**Problem description:** Please return the data word for word and leave out any picture it contains.

**Recorded data:**

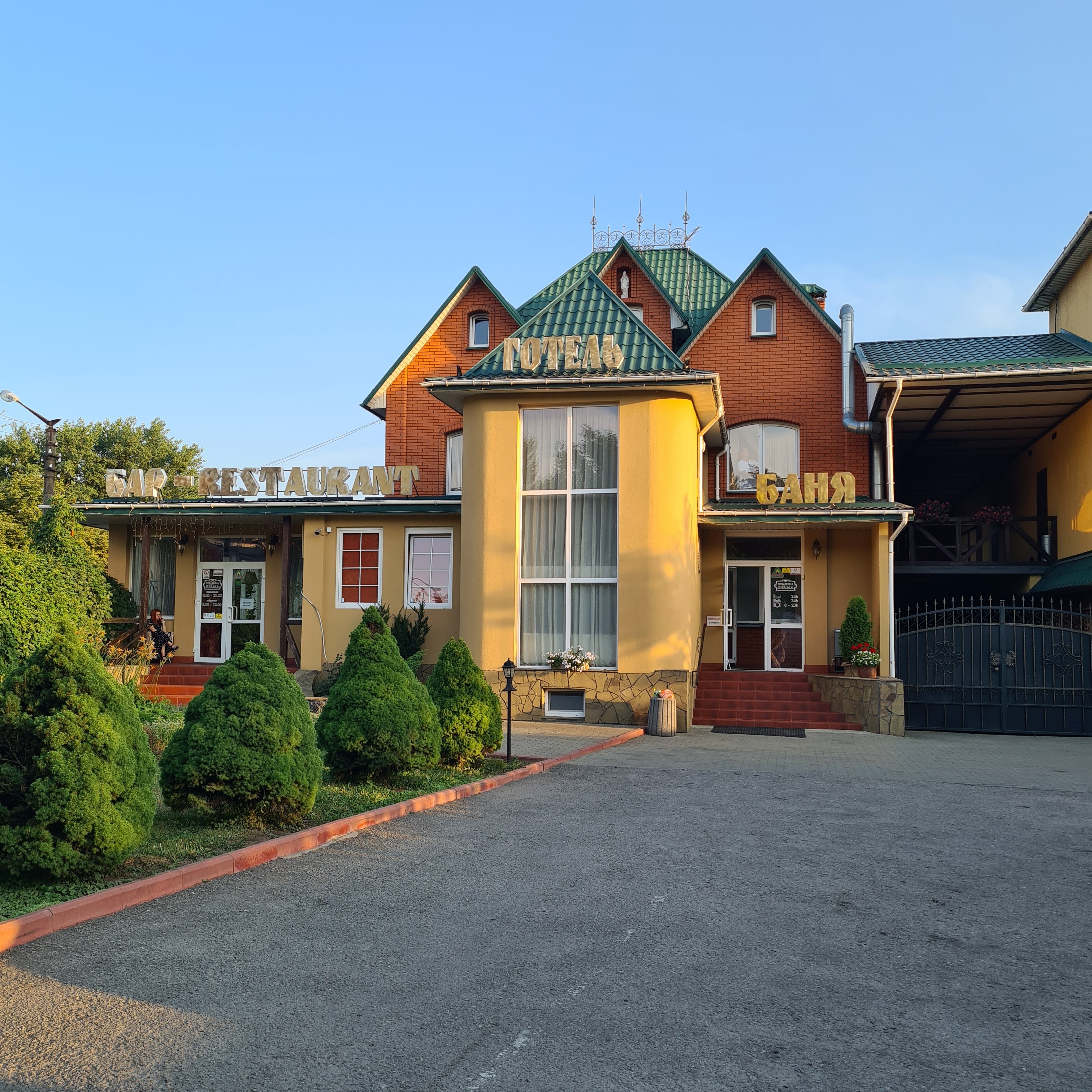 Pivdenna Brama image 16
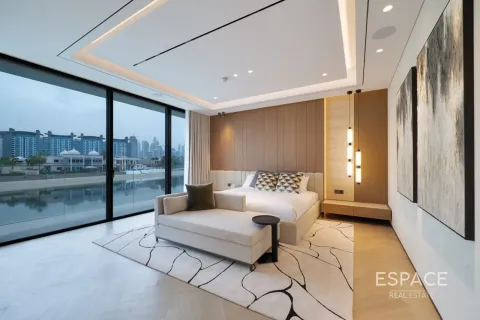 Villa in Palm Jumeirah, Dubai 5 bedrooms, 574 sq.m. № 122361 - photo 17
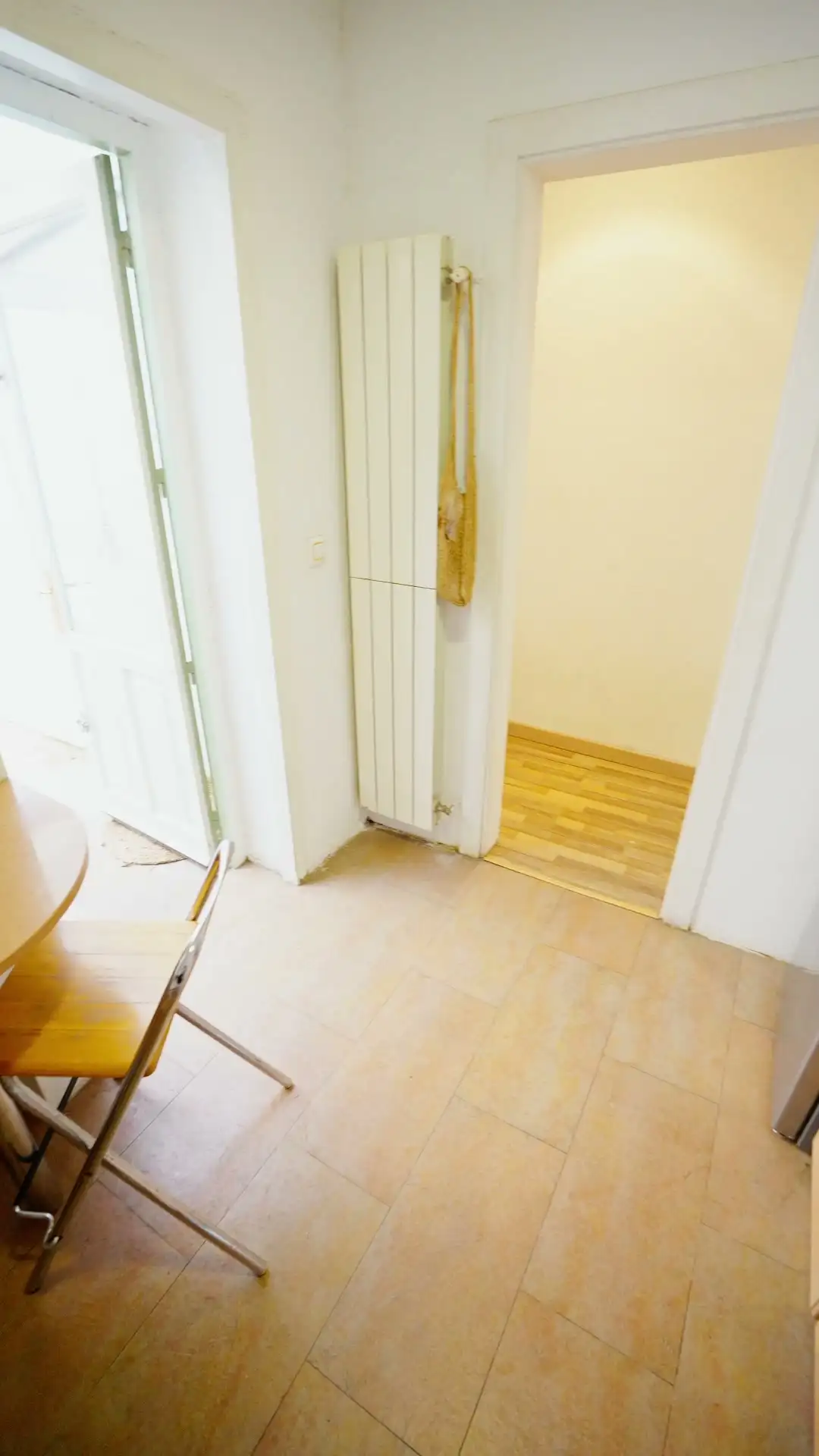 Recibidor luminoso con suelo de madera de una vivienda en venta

**Task solution:**
 Pivdenna Brama image 16
 Villa in Palm Jumeirah, Dubai 5 bedrooms, 574 sq.m. № 122361 - photo 17
 Recibidor luminoso con suelo de madera de una vivienda en venta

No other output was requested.